As a Website Visitor
Install a tracker-blocking extension such as Ghostery, Privacy Badger, or uBlock Origin. Privacy-focused browsers, including Firefox with Enhanced Tracking Protection and Brave, block many known tracking beacons automatically. A VPN masks your IP address, making the data a beacon collects far less useful for identifying you specifically.
As a Website Owner
Most guides stop at the reader's side, but site owners carry a duty too. Your site may load third-party beacons or pixels from an ad network, an analytics tool, or an embedded widget. You need to detect them and block the non-essential ones until each visitor consents. Detecting and controlling these trackers is part of overall cookie compliance, not a one-time setup step.
How Consently Detects and Blocks Web Beacons on Your Site
Consently scans your site to find the cookies, trackers, scripts, and beacons running on it, then blocks the non-essential ones until each visitor consents.
I've seen how easy it is for a third-party beacon to slip onto a page unnoticed. It hides inside an embedded widget or ad script nobody remembers adding. Consently's automatic full-site scan crawls your site on install. It detects the cookies, trackers, scripts, and iframes present, so a hidden beacon surfaces in the scan results instead of firing unseen. Weekly scheduled scans catch anything new that gets added later.
Once a beacon or tracker shows up in that scan, Consently's auto-blocking, script blocking, and iframe blocking take over. They hold non-essential trackers, including third-party pixels delivered through scripts or embeds, until the visitor gives consent.
Consently sends Google Consent Mode v2 and IAB TCF v2.3 signals at the same time. Analytics and ad platforms keep working correctly for visitors who do consent. Every consent decision is logged, giving you an audit trail if you ever need to show that tracking waited for permission.
Try Consently free to scan your own site and see which trackers are running on it before you decide what to allow.
FAQs
What is a web beacon in simple terms?
A web beacon is a tiny invisible image or code snippet in a page or email that tells a server you opened or viewed it. It works by triggering a background request the moment the content loads.
What is another name for a web beacon?
A web beacon is also called a clear GIF, a transparent GIF, a pixel tag, a web bug, a spy pixel, or a tracking pixel. All of these terms describe the same technique.
Is a web beacon the same as a tracking pixel?

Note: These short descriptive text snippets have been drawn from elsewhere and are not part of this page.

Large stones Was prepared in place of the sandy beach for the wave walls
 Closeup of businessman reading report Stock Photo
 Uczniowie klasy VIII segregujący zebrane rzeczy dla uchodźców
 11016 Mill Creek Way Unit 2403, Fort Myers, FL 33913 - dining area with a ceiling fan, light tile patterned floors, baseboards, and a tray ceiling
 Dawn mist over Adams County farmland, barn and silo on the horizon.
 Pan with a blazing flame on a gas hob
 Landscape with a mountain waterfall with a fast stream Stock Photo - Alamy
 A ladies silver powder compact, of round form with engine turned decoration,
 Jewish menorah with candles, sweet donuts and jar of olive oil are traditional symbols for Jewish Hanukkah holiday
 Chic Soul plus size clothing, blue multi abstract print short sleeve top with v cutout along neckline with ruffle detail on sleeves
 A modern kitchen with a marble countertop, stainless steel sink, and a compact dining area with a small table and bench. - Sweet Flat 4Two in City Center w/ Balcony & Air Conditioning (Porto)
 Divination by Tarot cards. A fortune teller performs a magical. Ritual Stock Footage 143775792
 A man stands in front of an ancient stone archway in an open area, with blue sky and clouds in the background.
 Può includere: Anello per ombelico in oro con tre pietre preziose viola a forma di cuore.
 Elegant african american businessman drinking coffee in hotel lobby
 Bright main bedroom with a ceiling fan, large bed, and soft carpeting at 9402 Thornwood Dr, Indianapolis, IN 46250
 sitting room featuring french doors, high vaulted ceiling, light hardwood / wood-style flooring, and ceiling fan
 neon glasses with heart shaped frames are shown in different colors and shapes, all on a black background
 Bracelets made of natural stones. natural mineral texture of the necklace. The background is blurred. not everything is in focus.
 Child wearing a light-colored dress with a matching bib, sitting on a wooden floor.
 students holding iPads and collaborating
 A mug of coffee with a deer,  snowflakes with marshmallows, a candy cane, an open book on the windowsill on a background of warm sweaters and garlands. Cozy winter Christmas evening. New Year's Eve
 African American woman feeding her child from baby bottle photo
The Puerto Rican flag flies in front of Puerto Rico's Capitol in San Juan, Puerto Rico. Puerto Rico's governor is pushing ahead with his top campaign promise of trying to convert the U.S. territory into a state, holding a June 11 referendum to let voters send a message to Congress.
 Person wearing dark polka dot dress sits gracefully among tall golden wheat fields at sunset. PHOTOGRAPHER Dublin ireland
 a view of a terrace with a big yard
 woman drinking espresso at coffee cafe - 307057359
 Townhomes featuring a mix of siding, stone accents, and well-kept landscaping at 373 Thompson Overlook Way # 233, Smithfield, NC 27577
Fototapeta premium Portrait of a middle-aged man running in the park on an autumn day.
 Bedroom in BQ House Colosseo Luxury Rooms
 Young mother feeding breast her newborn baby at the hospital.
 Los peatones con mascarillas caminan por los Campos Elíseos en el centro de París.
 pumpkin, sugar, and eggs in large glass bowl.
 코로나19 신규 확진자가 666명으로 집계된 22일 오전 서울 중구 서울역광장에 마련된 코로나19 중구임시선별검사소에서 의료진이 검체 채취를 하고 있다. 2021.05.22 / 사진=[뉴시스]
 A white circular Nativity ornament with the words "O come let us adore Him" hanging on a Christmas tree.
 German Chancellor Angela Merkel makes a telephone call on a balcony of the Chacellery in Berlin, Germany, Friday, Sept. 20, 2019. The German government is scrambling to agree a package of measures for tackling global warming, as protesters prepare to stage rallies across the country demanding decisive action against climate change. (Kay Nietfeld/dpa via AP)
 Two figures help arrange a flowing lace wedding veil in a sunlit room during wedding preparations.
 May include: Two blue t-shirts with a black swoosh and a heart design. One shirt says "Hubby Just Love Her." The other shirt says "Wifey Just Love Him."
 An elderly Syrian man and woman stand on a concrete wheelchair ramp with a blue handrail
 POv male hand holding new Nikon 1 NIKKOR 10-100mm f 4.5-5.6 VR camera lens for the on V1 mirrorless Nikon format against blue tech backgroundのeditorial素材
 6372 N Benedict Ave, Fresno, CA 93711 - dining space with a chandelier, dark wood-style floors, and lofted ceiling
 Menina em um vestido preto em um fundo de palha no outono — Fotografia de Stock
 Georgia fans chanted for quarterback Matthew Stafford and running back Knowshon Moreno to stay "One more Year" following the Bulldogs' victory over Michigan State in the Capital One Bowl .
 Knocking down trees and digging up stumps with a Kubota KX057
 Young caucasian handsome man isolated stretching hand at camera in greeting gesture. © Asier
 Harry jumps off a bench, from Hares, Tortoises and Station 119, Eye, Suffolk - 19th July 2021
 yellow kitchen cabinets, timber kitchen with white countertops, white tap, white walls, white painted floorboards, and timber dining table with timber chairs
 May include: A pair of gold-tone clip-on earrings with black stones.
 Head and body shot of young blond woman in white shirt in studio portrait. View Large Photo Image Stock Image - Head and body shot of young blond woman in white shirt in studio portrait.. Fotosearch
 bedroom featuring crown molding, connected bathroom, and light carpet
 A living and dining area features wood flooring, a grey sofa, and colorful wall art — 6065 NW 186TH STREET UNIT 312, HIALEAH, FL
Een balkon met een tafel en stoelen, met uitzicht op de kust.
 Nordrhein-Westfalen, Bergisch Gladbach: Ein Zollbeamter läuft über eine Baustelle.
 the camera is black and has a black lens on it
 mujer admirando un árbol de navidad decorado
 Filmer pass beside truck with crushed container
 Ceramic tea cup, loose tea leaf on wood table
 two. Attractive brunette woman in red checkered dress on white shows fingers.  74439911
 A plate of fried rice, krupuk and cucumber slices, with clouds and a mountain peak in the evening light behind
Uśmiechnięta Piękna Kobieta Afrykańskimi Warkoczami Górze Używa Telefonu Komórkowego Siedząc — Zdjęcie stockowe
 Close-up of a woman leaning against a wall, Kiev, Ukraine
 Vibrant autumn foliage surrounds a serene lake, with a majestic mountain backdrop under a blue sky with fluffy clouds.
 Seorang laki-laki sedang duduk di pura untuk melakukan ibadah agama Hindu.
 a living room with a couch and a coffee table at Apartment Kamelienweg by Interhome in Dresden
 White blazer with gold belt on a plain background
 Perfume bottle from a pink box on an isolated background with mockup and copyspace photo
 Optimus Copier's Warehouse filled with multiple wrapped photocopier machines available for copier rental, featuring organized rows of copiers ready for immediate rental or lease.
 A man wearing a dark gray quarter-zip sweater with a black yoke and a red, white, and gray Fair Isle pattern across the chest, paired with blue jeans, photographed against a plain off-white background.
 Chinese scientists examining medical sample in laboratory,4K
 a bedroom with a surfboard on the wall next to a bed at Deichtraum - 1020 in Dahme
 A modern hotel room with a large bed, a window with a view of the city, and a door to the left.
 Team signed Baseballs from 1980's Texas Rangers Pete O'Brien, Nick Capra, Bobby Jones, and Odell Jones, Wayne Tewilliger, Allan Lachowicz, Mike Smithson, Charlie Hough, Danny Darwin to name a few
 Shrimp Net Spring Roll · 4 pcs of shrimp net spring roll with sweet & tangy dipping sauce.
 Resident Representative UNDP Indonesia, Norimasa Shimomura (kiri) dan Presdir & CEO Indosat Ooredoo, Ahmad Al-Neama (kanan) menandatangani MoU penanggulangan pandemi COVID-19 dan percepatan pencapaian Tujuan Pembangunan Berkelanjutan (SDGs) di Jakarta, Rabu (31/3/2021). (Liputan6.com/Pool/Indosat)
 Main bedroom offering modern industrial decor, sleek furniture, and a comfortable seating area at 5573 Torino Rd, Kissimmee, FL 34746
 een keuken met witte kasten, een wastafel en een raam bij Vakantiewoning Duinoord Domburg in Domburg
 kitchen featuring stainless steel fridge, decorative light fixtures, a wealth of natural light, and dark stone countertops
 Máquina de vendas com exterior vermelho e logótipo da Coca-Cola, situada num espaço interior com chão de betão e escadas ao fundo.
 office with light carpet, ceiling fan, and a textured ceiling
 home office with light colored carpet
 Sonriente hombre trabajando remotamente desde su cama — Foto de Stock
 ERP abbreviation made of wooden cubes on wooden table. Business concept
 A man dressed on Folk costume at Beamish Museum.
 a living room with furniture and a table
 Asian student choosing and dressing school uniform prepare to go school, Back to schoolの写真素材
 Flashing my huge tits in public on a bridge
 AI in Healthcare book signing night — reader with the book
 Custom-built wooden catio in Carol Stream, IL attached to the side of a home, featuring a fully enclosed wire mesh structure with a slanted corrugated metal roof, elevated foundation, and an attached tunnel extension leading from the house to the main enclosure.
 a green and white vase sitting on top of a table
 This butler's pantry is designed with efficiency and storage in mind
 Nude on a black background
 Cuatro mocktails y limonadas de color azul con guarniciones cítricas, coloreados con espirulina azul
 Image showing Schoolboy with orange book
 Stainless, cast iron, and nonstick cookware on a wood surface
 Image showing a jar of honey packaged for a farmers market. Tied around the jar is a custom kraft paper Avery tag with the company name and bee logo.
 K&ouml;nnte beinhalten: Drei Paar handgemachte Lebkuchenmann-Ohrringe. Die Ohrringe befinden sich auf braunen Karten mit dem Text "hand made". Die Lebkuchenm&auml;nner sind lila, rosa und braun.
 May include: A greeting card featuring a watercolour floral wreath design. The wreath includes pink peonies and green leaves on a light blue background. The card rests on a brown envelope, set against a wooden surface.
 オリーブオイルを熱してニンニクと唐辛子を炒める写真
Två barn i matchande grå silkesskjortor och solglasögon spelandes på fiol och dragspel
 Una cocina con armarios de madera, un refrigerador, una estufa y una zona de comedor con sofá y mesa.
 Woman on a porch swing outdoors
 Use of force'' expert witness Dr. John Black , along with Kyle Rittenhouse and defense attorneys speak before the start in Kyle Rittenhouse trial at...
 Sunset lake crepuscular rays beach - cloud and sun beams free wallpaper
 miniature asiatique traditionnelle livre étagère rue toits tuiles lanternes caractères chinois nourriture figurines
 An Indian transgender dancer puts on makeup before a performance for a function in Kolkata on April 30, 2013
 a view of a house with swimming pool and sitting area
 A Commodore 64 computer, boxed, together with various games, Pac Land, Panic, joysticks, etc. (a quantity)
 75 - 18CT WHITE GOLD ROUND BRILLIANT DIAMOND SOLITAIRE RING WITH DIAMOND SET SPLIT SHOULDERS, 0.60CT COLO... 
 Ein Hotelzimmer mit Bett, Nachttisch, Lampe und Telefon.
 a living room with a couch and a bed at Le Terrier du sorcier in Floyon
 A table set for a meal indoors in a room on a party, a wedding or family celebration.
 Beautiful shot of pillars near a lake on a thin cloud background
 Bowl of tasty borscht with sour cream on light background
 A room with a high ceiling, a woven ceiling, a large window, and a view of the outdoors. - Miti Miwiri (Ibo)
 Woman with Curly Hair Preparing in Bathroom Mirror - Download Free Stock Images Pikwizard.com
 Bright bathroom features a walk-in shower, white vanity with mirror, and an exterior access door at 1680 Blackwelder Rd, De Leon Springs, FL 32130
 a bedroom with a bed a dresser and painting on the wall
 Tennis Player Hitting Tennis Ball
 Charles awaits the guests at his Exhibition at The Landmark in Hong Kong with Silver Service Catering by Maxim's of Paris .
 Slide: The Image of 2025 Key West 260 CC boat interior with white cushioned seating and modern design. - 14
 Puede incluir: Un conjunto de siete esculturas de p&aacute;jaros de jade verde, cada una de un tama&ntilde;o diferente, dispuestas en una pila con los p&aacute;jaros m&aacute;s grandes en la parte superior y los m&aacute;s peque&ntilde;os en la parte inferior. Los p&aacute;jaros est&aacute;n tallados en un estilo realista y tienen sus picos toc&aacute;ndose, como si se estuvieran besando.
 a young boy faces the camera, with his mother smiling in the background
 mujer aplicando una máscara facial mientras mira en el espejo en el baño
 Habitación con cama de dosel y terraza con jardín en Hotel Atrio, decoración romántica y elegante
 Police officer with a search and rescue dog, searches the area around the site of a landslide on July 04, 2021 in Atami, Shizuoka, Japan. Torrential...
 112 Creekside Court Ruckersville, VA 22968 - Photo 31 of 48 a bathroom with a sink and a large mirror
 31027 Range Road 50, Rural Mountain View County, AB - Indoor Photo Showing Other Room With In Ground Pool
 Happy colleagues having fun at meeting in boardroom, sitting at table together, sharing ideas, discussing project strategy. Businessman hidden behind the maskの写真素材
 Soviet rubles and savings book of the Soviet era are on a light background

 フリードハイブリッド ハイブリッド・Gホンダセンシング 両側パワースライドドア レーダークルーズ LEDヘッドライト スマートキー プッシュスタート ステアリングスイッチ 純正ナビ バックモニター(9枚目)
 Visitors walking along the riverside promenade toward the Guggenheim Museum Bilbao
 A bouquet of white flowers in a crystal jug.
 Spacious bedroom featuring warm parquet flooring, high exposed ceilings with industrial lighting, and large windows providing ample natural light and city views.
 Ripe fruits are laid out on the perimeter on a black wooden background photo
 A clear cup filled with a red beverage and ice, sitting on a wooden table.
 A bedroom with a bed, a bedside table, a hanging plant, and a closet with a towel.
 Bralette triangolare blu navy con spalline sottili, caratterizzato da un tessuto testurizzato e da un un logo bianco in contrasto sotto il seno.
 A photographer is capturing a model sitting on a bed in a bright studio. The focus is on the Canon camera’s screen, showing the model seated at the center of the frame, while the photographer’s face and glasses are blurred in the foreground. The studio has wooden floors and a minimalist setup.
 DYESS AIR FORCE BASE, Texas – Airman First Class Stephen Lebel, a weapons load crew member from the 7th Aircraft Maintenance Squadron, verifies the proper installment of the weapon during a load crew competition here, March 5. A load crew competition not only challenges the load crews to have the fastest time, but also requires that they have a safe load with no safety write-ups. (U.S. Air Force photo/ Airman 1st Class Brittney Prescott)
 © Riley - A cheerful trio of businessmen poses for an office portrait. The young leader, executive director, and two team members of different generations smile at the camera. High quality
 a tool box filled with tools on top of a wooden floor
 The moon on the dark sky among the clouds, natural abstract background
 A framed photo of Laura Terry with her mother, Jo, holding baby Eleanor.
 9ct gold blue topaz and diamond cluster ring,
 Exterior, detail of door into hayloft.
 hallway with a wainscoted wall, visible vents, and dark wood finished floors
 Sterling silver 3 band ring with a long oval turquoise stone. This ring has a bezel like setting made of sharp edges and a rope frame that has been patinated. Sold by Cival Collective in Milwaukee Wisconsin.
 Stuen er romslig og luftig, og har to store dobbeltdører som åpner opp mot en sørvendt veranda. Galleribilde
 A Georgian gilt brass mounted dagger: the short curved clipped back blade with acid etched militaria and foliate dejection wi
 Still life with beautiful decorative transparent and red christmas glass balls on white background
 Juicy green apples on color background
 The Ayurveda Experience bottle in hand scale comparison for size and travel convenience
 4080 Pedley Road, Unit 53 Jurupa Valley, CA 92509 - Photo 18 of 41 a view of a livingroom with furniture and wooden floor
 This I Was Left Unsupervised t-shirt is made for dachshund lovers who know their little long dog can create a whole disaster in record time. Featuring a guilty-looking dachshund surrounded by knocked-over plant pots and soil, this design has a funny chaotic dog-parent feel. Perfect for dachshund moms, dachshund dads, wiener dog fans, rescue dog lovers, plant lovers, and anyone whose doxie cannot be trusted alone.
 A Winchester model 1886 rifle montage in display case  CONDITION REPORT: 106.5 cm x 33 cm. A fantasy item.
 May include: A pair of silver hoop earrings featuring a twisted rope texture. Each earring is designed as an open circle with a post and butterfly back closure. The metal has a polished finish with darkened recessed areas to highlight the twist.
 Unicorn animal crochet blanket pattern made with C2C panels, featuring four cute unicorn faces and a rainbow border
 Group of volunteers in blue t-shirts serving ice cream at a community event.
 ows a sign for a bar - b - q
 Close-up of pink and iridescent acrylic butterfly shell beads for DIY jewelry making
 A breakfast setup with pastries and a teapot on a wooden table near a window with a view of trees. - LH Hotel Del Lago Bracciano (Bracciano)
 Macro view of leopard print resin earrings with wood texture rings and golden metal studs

Effectively, yes. Tracking pixel is the name marketers use most often, while web beacon is the broader umbrella term that covers both website and email tracking.
How do I know if an email has a web beacon?
You usually cannot see a web beacon directly, since it is invisible by design. Disabling automatic image loading in your email client stops most beacons from firing. Some privacy-focused email apps or browser extensions flag or block them outright.
Do web beacons need consent under GDPR?
Yes. A web beacon counts as a non-essential tracking technology. EU ePrivacy and GDPR rules require the site to secure prior consent before it loads, the same standard that applies to non-essential cookies.
Are web beacons dangerous?
A web beacon is not malware on its own. It collects data silently and can be misused for phishing reconnaissance, since it can confirm that a specific email address is active. Privacy tools and consent controls exist specifically to limit that risk.
Can you block web beacons completely?
Not entirely, because a web beacon is embedded directly in the content you load. You can limit them substantially with image-blocking settings and tracker-blocking extensions. On your own site, a consent platform that blocks non-essential trackers before a visitor consents adds another layer.